There was no mistaking the kind of cacophony which is to come in Flanders next week. Liverpool discovered all about the sound and the fury of a Champions League play-off on Belgian soil when they travelled into the cauldron that Standard Liege’s stadium can be, seven years ago, and nearly came unstuck. The Bruges delegation brought their English songs along with them: ‘Sing when you’re winning’, ‘Walk On’, ‘One Timmy Simons.’ Give or take a lyric or two, this was like playing on Anfield turf at times.

For a time, the Belgians’ football had noise, too. A weakness in United was exposed, as they pressed high up the pitch, turning Daley Blind with several balls delivered with pace into the right channel. When they scored eight minutes in – Michael Carrick sticking out a foot at Victor Vazquez’s whipped free-kick from the left – Louis van Gaal looked ashen; a man who had lost his lottery ticket.
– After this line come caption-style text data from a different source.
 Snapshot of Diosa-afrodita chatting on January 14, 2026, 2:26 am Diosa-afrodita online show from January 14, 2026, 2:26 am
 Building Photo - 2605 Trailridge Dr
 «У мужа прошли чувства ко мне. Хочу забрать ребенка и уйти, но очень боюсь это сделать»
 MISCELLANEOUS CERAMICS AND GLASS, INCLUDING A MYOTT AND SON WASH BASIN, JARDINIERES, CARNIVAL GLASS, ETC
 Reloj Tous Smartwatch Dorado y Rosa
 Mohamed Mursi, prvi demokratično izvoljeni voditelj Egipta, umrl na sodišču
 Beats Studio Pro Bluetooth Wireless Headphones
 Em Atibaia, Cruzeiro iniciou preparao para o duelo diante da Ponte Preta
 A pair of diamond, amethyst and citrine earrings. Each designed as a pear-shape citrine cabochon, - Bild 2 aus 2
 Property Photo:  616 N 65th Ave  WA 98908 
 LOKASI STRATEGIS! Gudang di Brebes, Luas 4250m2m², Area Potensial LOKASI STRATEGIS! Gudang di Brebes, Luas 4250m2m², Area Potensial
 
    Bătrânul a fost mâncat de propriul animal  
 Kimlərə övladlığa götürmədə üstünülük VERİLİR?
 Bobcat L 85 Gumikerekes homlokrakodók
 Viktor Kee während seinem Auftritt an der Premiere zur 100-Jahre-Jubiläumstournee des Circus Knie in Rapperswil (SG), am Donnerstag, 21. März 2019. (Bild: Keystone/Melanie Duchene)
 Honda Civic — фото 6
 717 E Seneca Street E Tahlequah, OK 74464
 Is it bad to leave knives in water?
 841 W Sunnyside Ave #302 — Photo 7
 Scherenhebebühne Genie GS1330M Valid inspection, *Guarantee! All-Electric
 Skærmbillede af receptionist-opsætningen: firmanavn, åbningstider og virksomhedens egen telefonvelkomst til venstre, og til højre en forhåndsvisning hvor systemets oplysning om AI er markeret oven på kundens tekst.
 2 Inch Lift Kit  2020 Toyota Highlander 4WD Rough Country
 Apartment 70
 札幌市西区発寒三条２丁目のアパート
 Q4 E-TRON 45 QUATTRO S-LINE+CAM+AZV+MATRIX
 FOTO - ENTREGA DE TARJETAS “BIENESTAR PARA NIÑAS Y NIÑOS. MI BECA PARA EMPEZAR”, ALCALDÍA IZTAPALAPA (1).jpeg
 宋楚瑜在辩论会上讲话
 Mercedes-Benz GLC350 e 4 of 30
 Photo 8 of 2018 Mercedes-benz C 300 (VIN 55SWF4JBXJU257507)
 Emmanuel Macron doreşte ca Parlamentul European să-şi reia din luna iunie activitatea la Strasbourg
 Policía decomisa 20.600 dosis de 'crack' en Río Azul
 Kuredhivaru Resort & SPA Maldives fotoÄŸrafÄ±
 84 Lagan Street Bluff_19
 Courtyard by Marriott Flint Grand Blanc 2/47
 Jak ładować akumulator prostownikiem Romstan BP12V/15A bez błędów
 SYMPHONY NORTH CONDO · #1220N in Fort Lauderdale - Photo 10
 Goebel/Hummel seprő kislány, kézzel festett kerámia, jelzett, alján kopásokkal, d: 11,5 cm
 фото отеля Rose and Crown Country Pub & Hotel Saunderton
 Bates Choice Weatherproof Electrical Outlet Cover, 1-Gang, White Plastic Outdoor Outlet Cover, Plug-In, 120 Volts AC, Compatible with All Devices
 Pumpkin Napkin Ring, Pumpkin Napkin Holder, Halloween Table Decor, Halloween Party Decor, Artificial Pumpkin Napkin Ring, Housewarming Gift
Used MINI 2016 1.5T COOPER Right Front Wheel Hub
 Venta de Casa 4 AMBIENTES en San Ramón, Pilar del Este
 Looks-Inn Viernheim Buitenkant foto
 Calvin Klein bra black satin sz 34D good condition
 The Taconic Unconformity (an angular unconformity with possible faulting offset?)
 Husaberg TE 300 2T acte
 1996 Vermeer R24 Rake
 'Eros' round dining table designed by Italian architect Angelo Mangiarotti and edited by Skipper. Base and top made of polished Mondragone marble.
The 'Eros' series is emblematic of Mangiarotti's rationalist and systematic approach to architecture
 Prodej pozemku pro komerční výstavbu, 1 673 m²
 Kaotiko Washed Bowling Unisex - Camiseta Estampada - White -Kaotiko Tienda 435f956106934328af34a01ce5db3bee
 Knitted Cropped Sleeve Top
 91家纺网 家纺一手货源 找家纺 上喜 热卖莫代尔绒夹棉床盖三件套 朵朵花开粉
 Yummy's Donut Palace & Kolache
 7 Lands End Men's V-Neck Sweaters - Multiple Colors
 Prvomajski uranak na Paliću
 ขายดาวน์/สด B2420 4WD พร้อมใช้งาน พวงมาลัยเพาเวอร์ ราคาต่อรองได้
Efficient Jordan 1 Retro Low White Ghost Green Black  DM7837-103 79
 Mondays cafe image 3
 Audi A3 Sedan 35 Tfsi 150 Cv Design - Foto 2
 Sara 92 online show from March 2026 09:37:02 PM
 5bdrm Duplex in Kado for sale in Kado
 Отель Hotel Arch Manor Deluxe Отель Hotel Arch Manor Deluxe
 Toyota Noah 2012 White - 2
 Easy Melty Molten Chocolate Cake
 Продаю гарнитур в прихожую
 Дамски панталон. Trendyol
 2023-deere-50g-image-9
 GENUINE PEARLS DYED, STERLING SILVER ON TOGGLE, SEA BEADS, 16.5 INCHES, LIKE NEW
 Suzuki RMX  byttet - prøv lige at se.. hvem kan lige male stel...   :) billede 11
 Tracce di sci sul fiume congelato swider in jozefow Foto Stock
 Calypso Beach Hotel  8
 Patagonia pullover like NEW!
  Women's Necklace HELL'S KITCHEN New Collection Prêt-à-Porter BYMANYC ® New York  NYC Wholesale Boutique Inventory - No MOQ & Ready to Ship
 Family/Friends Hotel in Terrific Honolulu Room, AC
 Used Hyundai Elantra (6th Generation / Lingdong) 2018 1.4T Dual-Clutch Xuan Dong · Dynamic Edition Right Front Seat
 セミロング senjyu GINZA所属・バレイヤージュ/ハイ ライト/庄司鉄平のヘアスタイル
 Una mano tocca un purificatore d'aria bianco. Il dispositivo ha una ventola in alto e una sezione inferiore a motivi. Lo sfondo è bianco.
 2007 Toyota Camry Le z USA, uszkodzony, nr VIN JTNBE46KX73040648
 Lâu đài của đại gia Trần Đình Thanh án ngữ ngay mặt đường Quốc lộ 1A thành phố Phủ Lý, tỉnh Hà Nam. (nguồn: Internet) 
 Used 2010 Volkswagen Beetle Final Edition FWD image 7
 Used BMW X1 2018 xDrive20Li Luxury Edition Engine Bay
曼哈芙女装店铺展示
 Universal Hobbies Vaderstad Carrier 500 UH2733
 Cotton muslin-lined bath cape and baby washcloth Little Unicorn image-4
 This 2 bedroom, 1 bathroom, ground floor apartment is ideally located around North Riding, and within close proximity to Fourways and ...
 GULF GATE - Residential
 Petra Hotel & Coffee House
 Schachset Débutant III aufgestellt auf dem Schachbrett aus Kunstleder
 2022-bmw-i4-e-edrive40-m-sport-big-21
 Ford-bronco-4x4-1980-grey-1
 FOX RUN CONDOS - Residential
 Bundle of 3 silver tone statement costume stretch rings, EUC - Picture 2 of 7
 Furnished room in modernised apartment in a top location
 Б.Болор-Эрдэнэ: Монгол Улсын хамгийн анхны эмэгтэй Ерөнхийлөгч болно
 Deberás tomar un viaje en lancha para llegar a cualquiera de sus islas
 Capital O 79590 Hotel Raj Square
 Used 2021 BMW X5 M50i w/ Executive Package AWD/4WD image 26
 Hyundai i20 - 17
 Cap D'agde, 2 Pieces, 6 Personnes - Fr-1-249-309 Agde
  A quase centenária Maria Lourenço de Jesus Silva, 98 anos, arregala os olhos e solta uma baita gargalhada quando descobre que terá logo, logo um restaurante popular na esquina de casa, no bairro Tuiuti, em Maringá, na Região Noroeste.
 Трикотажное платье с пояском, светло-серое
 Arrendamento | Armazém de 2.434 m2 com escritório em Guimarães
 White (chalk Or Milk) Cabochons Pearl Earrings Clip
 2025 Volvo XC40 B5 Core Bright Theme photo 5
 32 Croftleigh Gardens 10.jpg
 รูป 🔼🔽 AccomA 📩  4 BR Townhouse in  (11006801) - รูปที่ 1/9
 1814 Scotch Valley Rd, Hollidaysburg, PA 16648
He had employed his intellectual superiority routine on Monday when rejecting the notion that Juan Mata operating behind Wayne Rooney might help bring the captain’s goals back. But in his forlorn first-half search for impact, that proposal made sense. Rooney’s plaintive look at Luke Shaw when the defender had elected not to thread a pass through for him, just before the half hour, spoke of a man needing to be found.

(GETTY IMAGES)

There was minimum purchase on Rooney’s bicycle kick a few minutes later, cleared from the line as it bobbed into Vazquez’s path, and misdirection on an angled header from the ensuing corner.

Adnan Januzaj’s struggle was no less graphic. The heavy and accidental second touch he took on a through ball from Mata as United began to grow into themselves, was the last thing the Belgian needed. The arrival of £18m Pedro is destined to drive a wrecking ball into the hopes Januzaj still harbours of making his way at Old Trafford. His protestations minutes later, borne of frustration at this struggle to establish himself, provoked the kind of wrath from Deniz Aytekin, the German referee, that must have made van Gaal’s seem like a liberal.

It was Depay who rose above all this mundanity and almost single-handedly brought United’s deliverance, not just by technique but by force of imagination: the desire to forge something out of every moment in which he found the ball at his feet.

The most sublime of those moments – his first goal for United – will live long in the collective memory. The 21-year-old flicked a ball over Dion Cools, the right back, headed it down under control, eased behind Tuur Dierckx and, when he seemed to have navigated too far across the face of goal, despatched it right footed into the corner of the net. Nonchalance ensued. He waved his team-mates back to the centre circle and pointed a finger at Carrick, whose lofted 30-yard pass had picked him out.

He shaped the rest of the course of the night from that point, attempting a 35-yard speculative shot after spinning beyond Vazquez, back-heeling enterprisingly to create penalty box space for Mata, displaying the speed of thought to play in a quick ball down the right channel for Mata, who wasted the cross. And then, two minutes before the break, cutting inside the unfortunate Cools again to superbly curl his side into a 2-1 lead and finally break into an expression of delight.

(GETTY IMAGES)

It was not a perfection. Depay could have secured the two-goal winning deficit himself, ten minutes from time, had he not fluffed his chance when Rooney deftly flicked back for him the ball Shaw played up from the right. “I am little disappointed because I will think about that last chance,” he said after the match. Even after Brandon Mechele was dismissed for his second bookable offence, sliding into a tackle from behind which floored substitute Chicharito, United laboured. Then the No 7 stepped up on the left to deliver the dead ball. It felt like a huge stride forward.